Version: develop

Kernels and Functions

Taichi and Python share a similar syntax, but they are not identical. To distinguish Taichi code from native Python code, we utilize three decorators: @ti.kernel, @ti.func, and @ti.real_func:

Functions decorated with @ti.kernel are known as Taichi kernels or simply kernels. These functions are the entry points where Taichi's runtime takes over the tasks, and they must be directly invoked by Python code. You can use native Python to prepare tasks, such as reading data from disk and pre-processing, before calling the kernel to offload computation-intensive tasks to Taichi.
Functions decorated with @ti.func or @ti.real_func are known as Taichi functions. These functions are building blocks of kernels and can only be invoked by another Taichi function or a kernel. Like normal Python functions, you can divide your tasks into multiple Taichi functions to enhance readability and reuse them across different kernels.
- Taichi functions decorated with @ti.func are Taichi inline functions. These functions are inlined into the kernels that call them. Runtime recursion of Taichi inline functions are not allowed.
- Taichi functions decorated with @ti.real_func are Taichi real functions. These functions are compiled into separate functions (like the device functions in CUDA) and can be called recursively.
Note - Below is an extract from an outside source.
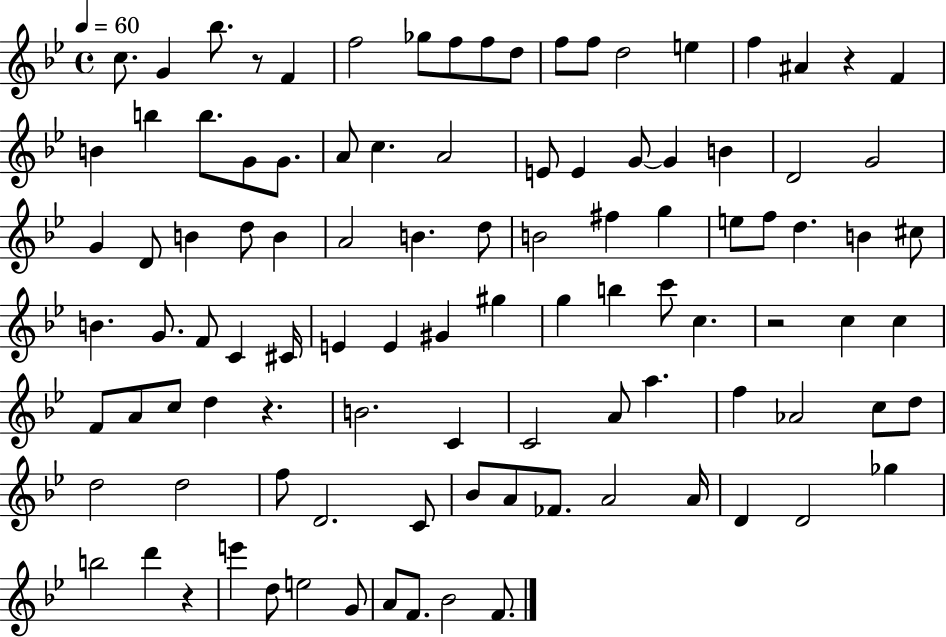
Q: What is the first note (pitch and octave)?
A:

Taichi real functions are only supported on the LLVM-based backends (CPU and CUDA backends).

In the following example, inv_square() is decorated with @ti.func and is a Taichi function. partial_sum() is decorated with @ti.kernel and is a kernel. The former (inv_square()) is called by the latter (partial_sum()). The arguments and return value in partial_sum() are type hinted, while those in the Taichi function inv_square() are not.

import taichi as ti
ti.init(arch=ti.cpu)

@ti.func
def inv_square(x):  # A Taichi function
    return 1.0 / (x * x)

@ti.kernel
def partial_sum(n: int) -> float:  # A kernel
    total = 0.0
    for i in range(1, n + 1):
        total += inv_square(n)
    return total

partial_sum(1000)

Here comes a significant difference between Python and Taichi - type hinting:

Type hinting in Python is recommended, but not compulsory.
You must type hint each argument and return value of a Taichi kernel.

Taichi Scope and Python Scope

Let's introduce two important concepts: Taichi scope and Python scope.

The code inside a kernel or a Taichi function is part of the Taichi scope. Taichi's runtime compiles and executes this code in parallel on multi-core CPU or GPU devices for high-performance computation. The Taichi scope corresponds to the device side in CUDA.
Code outside of the Taichi scope belongs to the Python scope. The code in the Python scope is written in native Python and executed by Python's virtual machine, not by Taichi's runtime. The Python scope corresponds to the host side in CUDA.

WARNING

Calling a Taichi function in the Python scope results in a syntax error raised by Taichi. For example:

import taichi as ti
ti.init(arch=ti.cpu)

@ti.func
def inv_square(x):
    return 1.0 / (x * x)

print(inv_square(1.0))  # Syntax error

You must call Taichi functions in the Taichi scope.

It is important to distinguish between kernels and Taichi functions as they have slightly different syntax. The following sections explain their respective usages.

Kernel

A kernel is the basic unit of execution in Taichi, and it serves as the entry point for Taichi's runtime which takes over from Python's virtual machine. Kernels are called in the same way as Python functions, and allow for switching between Taichi's runtime and Python's virtual machine.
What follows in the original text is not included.